Lo malo de esos preciosos escrutinios es que las razones de la poesía no son
siempre las mismas de la razón. Los meses en que ocurren ciertos hechos son
esenciales para el análisis de la obra de Juan Rulfo y yo dudo de que él fuera
consciente de eso. En el trabajo poético -y Pedro Páramo lo es en su más alto
grado- los autores suelen invocar los meses por compromisos distintos del rigor
cronológico. Más aún: en muchos casos se cambia el nombre del mes, del día y
hasta del año, sólo por eludir una rima incómoda, o una cacofonía, sin pensar que
esos cambios pueden inducir a un crítico a una conclusión terminante. Esto ocurre
no sólo con los días y los meses, sino también con las flores. Hay escritores que se
sirven de ellas por el prestigio puro de susnombres, sin fijarse muy bien si
corresponden al lugar o a la estación. De modo que no es raro encontrar buenos
libros donde florecen geranios en la playa y tulipanes en la nieve. En Pedro
Páramo, donde es imposible establecer de un modo definitivo dónde está la línea
de demarcación entre los muertos y los vivos, las precisiones son todavía más
quiméricas. Nadie puede saber, en realidad, cuánto duran los años de la muerte.
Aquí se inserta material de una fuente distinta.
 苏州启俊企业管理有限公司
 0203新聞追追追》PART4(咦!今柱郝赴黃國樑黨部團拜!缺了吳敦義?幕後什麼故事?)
He querido decir todo esto para terminar diciendo que el escrutinio a fondo de la
obra de Juan Rulfo me dio por fin el camino que buscaba para continuar mis libros,
y que por eso me era imposible escribir sobre él sin que todo esto pareciera sobre
mí mismo. Ahora quiero decir también que he vuelto a releerlo completo para
escribir estas breves nostalgias, y que he vuelto a ser la víctima inocente del mismo
asombro de la primera vez. No son más de trescientas páginas, pero son casi tantas,
y creo que tan perdurables, como las que conocemos de Sófocles.